Exercise directions: Omit the pictures, and output the rest of the entries exactly as written.

Entries shown:
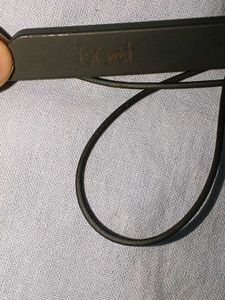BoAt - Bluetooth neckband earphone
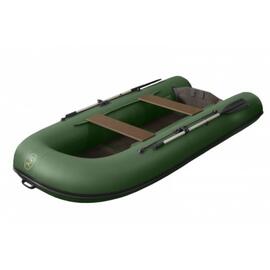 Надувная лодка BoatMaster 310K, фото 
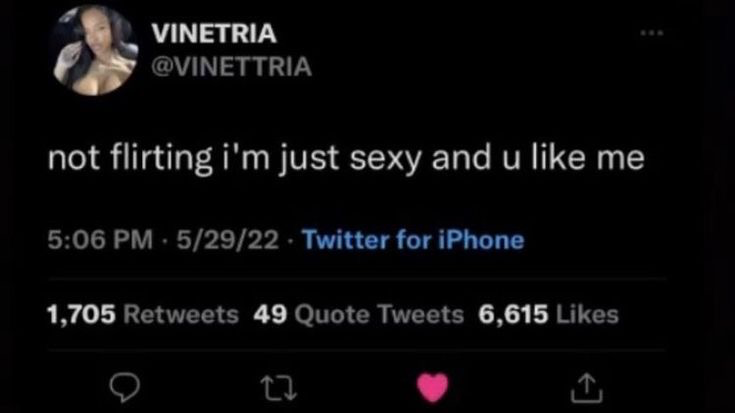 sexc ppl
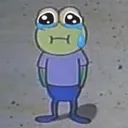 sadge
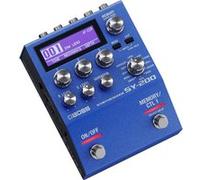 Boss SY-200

Exercise answer:
BoAt - Bluetooth neckband earphone
 Надувная лодка BoatMaster 310K, фото 
 sexc ppl
 sadge
 Boss SY-200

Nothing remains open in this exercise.